Would you transcribe the line that holds "Rug, , large", plus every line beneath it through the end of the data, exactly and with nothing added?

* * * * * * * * *

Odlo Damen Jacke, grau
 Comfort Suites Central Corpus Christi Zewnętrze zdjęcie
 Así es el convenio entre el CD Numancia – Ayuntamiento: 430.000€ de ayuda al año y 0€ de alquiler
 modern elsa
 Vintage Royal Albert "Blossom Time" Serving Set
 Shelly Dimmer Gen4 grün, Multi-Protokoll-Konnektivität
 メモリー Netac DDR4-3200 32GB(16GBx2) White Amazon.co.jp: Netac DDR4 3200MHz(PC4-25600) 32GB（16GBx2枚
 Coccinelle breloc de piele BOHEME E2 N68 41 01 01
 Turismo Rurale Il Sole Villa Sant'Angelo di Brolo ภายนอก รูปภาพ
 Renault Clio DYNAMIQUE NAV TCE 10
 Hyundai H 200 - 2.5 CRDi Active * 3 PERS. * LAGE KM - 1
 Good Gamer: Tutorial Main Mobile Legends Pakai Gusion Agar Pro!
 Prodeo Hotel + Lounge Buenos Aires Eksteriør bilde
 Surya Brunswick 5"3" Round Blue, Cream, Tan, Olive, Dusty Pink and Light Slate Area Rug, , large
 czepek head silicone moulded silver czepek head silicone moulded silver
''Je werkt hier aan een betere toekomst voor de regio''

* * * * * * * * *

## Solution to this exercise
 Surya Brunswick 5"3" Round Blue, Cream, Tan, Olive, Dusty Pink and Light Slate Area Rug, , large
 czepek head silicone moulded silver czepek head silicone moulded silver
''Je werkt hier aan een betere toekomst voor de regio''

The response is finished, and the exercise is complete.